O Congresso brasileiro ainda está vivo também para as virtudes. Essa é uma boa notícia. Avançou a resistência ao decreto bolivariano da presidente Dilma Rousseff, o 8.243, que institui a chamada Política Nacional de Participação Social (PNPS) e busca regular a atuação de conselhos populares na administração federal. Nesta terça, a Câmara dos Deputados aprovou o regime de urgência para o Decreto Legislativo (DL) que busca tornar sem efeito a medida presidencial. A partir de agora, havendo quórum, o DL pode ser votado, mas é possível que isso só aconteça depois do recesso branco de julho. Mais de dez partidos — e isso significa que muitos deles são da base aliada, como o PMDB — pressionaram para que se aprovasse o regime de urgência nesta terça. Só o PT e as legendas de esquerda defendem hoje aquela estrovenga.
Vamos ver. Entre muitas, há três maneiras principais de entender o Decreto 8.243:
a) a apocalíptico-barulhenta;
b) a da Poliana distraída;
c) a realista.
A apocalíptico-barulhenta pretende que, uma vez em vigência, o decreto institui definitivamente o comunismo no Brasil, e nada mais se poderá fazer. Seria o golpe final das esquerdas na democracia representativa. Por intermédio dele, os esquerdistas tomariam conta da administração e ponto final. O passo seguinte seria, sei lá eu, o Armagedom ou a luta armada. É uma tolice. Aliás, os esquerdistas que defendem aquela porcaria vibram quando encontram um caricato desses pela frente porque não é difícil ridicularizar esse delírio.
Há a leitura das Polianas distraídas. Essas insistem em afirmar que o decreto de Dilma, o que é verdade, não cria nenhum conselho novo. E daí? Só faltava, agora, o Executivo criar também os conselhos por iniciativa unipessoal da chefe do Executivo. Aí estaríamos numa monarquia absolutista. Esses distraídos também dizem que a participação popular está prevista na Constituição e que não há nada de errado nisso.
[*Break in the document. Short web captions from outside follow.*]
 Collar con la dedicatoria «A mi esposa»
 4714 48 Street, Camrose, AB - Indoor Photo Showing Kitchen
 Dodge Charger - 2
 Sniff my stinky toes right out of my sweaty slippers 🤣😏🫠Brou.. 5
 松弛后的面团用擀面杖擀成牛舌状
E há a versão realista. O PT não vai instituir, obviamente, o comunismo no Brasil porque, pra começo de conversa, nem comunista é. Mas tem uma visão autoritária do poder e busca, desde que foi criado, tomar conta do estado brasileiro, um processo que, obviamente, está em curso. E, isso sim, não é difícil de demonstrar.
O que o decreto de Dilma faz de estupidificante, em primeiro lugar, é definir o que é sociedade civil. Está lá no Inciso I do Artigo 2º: “I – sociedade civil – o cidadão, os coletivos, os movimentos sociais institucionalizados ou não institucionalizados, suas redes e suas organizações”. É evidente que o “indivíduo” não existiria nesse contexto. Como se daria a sua participação? Ele teria de, necessariamente, integrar um dos “coletivos” e “movimentos sociais institucionalizados ou não institucionalizados”, ou suas “redes e organizações”, se quisesse ser ouvido. Vale dizer: a chamada participação popular seria monopólio de militantes políticos. Um Congresso escolhido por 140 milhões de eleitores correria o risco de ser menos influente na definição de políticas públicas do que alguns poucos milhares de militantes.
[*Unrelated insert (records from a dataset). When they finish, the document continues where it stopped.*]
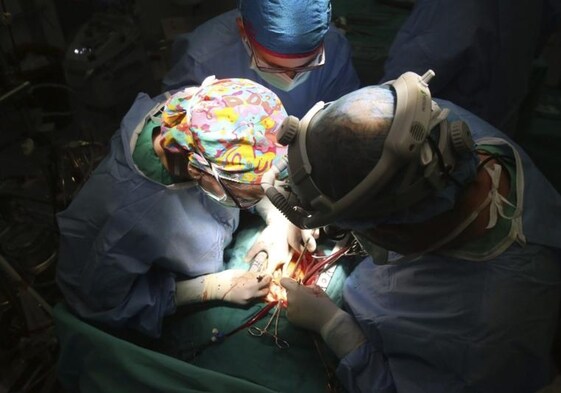 Médicos durante una operación en el Hospital Reina Sofía de Córdoba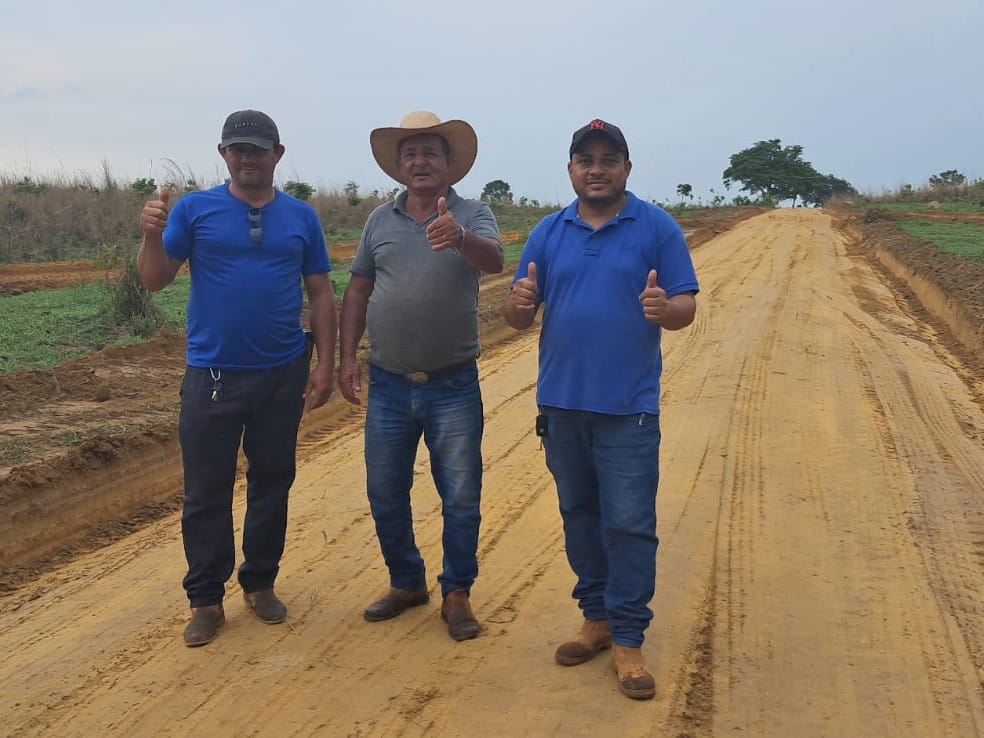 Secretário de infraestrutura de Divinópolis Junior Oliveira e o poeta Toni Ferreira, alinham metas para ter mais celeridade nas demandas rurais determinadas por Flavão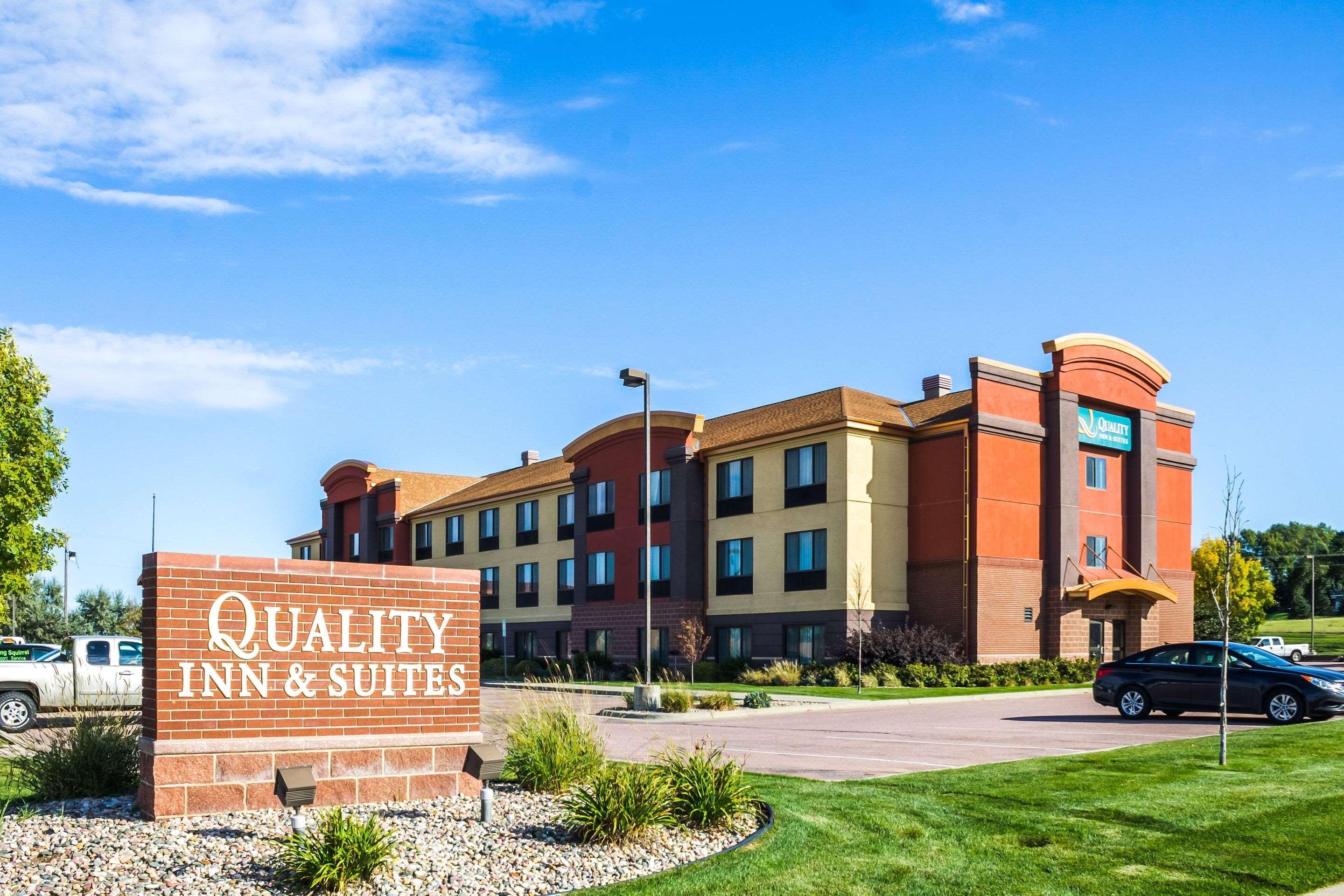 Clarion Pointe Sioux Falls Airport Exterior foto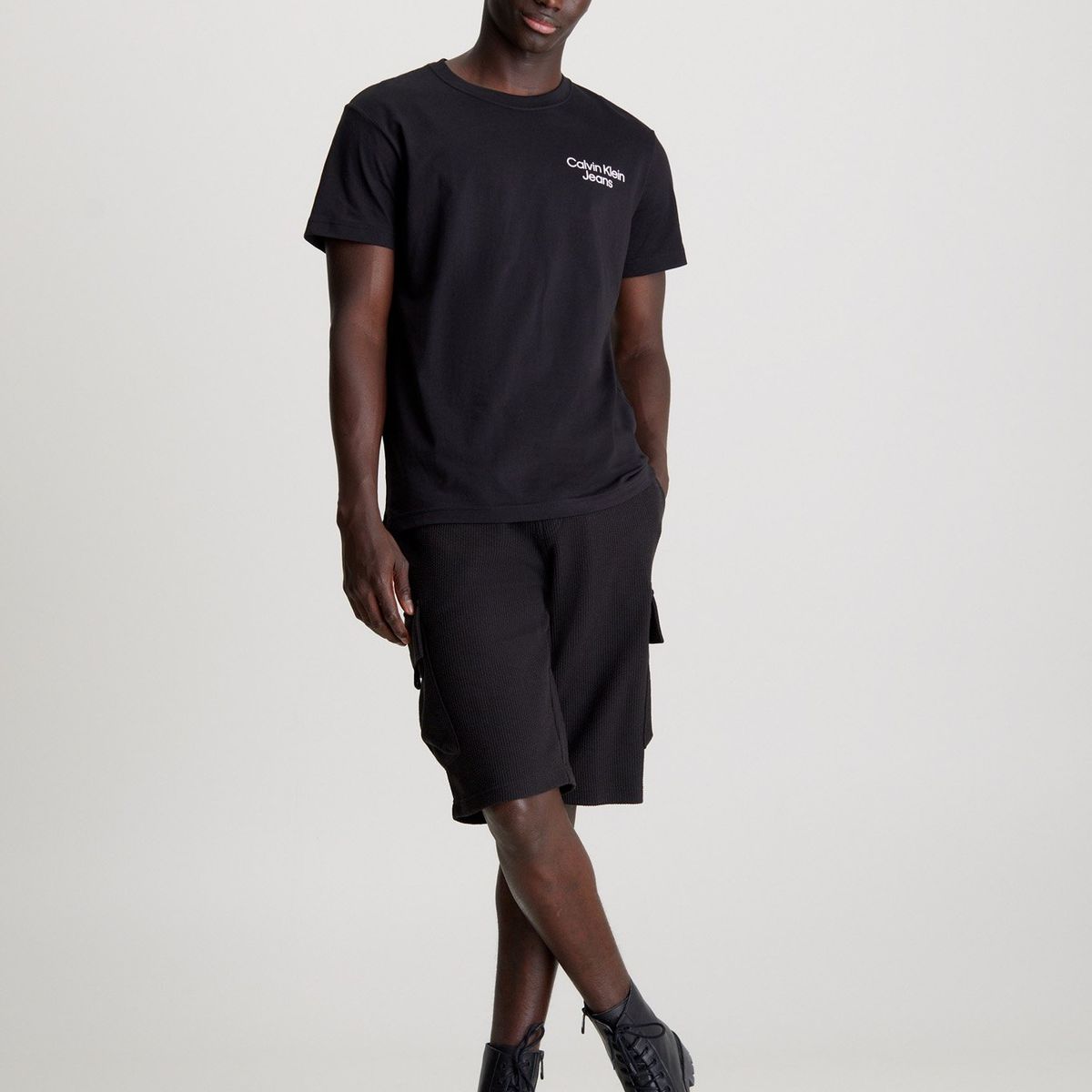 CALVIN KLEIN - Polera Eclipse Graphic Negro Calvin Klein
E quem é que vai comandar essa coisa? A Secretaria-Geral da Presidência — hoje, seria Gilberto Carvalho, aquele mesmo que tem conversado com índios, com os resultados conhecidos; com o MST, com os resultados conhecidos, e com os black blocs, com os resultados conhecidos.
Ademais, já chamei a atenção para um aspecto especialmente preocupante do decreto de Dilma. Ele institui uma “justiça paralela” por intermédio da “mesa de diálogo”, assim definida no Inciso VI do Artigo 2º: “Mecanismo de debate e de negociação com a participação dos setores da sociedade civil e do governo diretamente envolvidos no intuito de prevenir, mediar e solucionar conflitos sociais”.
Como a Soberana já definiu o que é sociedade civil, podemos esperar na composição dessa mesa o “indivíduo” e os movimentos “institucionalizados” e “não institucionalizados”. Se a sua propriedade for invadida por um “coletivo”, por exemplo, você poderá participar, apenas como uma das partes, de uma “mesa de negociação” com os invasores e com aqueles outros “entes”. Antes que o juiz restabeleça o seu direito, garantido em lei, será preciso formar a tal “mesa”…
É o “comunismo”? Não! Mas se trata de uma óbvia agressão à propriedade privada. De resto, não cabe a Dilma Rousseff, por decreto, estabelecer os mecanismos da chamada democracia direta. Isso é tarefa do Congresso Nacional. A governanta está usurpando uma prerrogativa do Congresso. Não é o golpe final das esquerdas, mas é mais um golpe na democracia.